Dafür ist einer der Söhne von Isaak Gottschalk mitsamt seine Familie auf dem jüdischen Friedhof begraben. Unter einem von Grünspan bedeckten Stein ruht Melchior Gottschalk, der 1866 starb. Nebenan liegt Ehefrau Cecilie unter einem eigenen Stein. Bedenklich schräg erhebt er sich von Efeu berankt im Schatten einer Eiche. Am Zaun an der Straße erinnert ein kleiner schwarzer Grabstein an Melchiors Bruder Ephraim. Tochter Elise hat auch eine eigene Grabstelle auf dem Friedhof: Sie hat im Familiengrab der Kaysers mit Ehemann Moses, Sohn Moritz und anderen Angehörigen ihre letzte Ruhe gefunden.

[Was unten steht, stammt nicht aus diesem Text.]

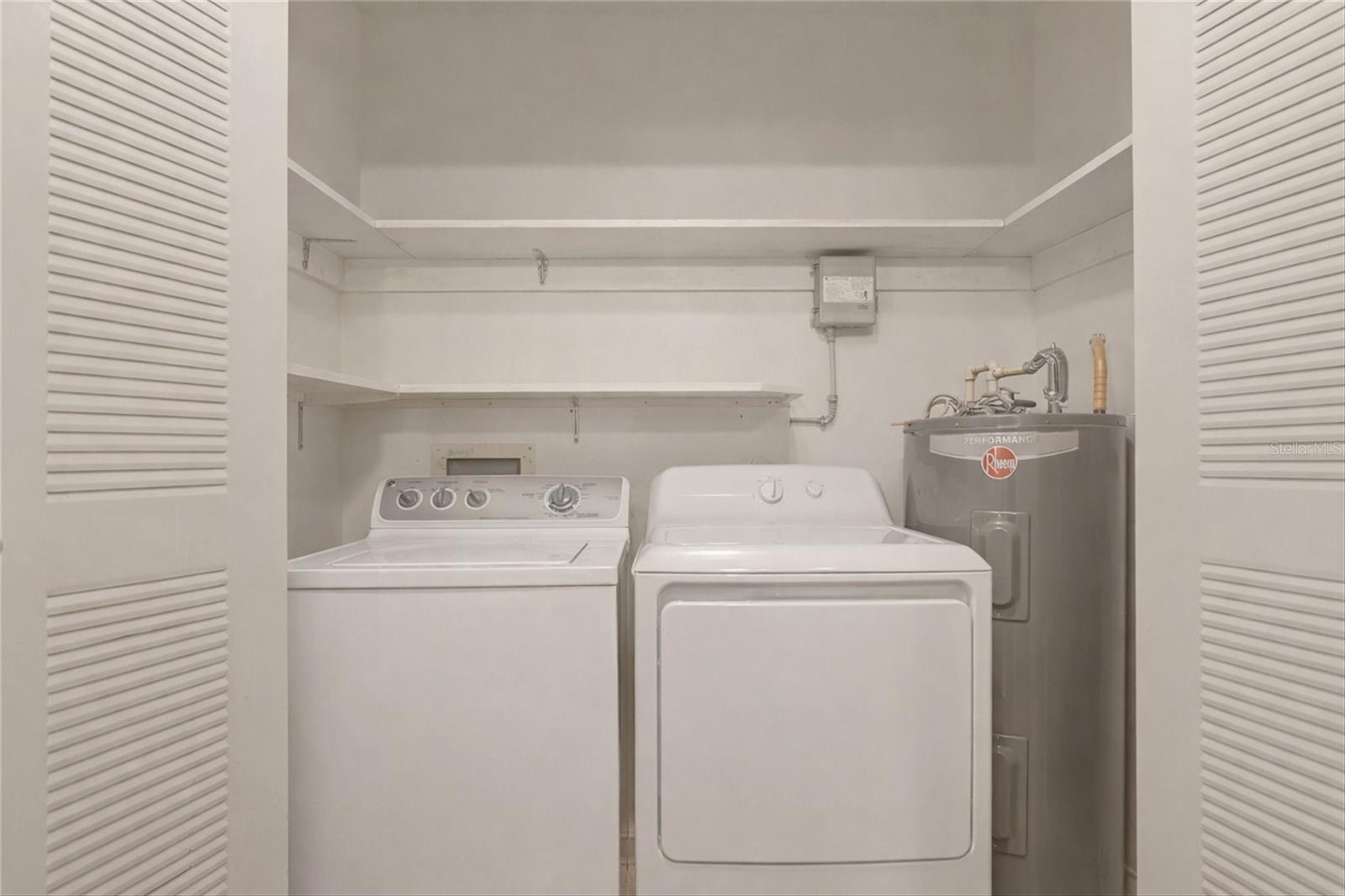 CORTEZ VILLAS - Residential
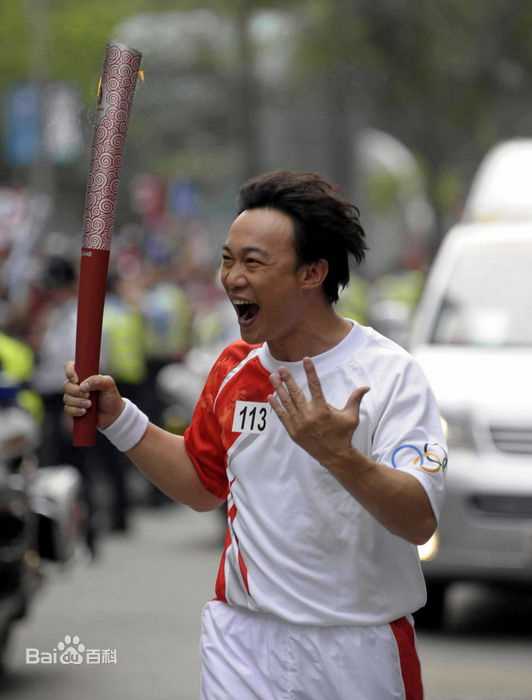 陈奕迅(Eason Chan)火炬手壁纸壁纸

"Die verwandtschaftlichen Beziehungen zu erforschen, war sehr schwierig", erzählt Scholz. "Die deutschen Inschriften auf den Grabsteinen allein helfen nicht weiter. Es geht nur über die Entzifferung der hebräischen Grabseiten, denn dort stehen die Geburtsnamen." Dieter Schmidt-Bollmann, ehemaliger Hebräisch-Lehrer und ein Freund von Scholz, half dem Beckedorfer. "Er hat mir die hebräischen Inschriften aller Gräber übersetzt." Dabei kamen beide einem alten Irrtum auf die Schliche. Bislang galt das Grab von Salomon Rosenberg als ältestes auf dem Friedhof. 1817 steht auf der deutschen Inschrift im Stein. "Da hat sich der Steinmetz um 100 Jahre vertan", so Scholz. Die Übersetzung der hebräischen Seite hat die Wahrheit ans Licht gebracht: Rosenberg starb am 7. Oktober 1917. "Die Gräber von Simeon und Sara Wolff von 1830 sind damit die ältesten", stellt Scholz fest. Bekannt sind ihre Ruhestätten aber noch nicht lange. "In der Dokumentation des Heimatvereins waren sie nicht erfasst." Scholz vermutet: "Die Gräber wurden im Zuge der Friedhof-Restaurierung gefunden." 2011 ließ der jüdische Landesverband Hannover als heutiger Eigentümer die Begräbnisstätte restaurieren. Ein neuer Zaun wurde gezogen und ein neues Tor errichtet. Verziert ist es mit Symbolen: einem Davidstern, der Menora und zwölf Kreisen für die Stämme Israels.

Herbert Scholz’ Recherchen sind noch nicht beendet. Zu einigen Namen auf den Grabsteinen fehlen noch Informationen. Sein Ziel ist eine Dokumentation für die Gemeinde. Außerdem möchte er seine Ergebnisse der Gedenkstätte "Baracke Wilhelmine" zur Verfügung stellen. Schließlich sind auf dem Friedhof auch Namen zum Gedenken an zehn Menschen verewigt, die in den Weltkriegen starben. Sieben von ihnen wurden von den Nazis ermordet, weil sie Juden waren.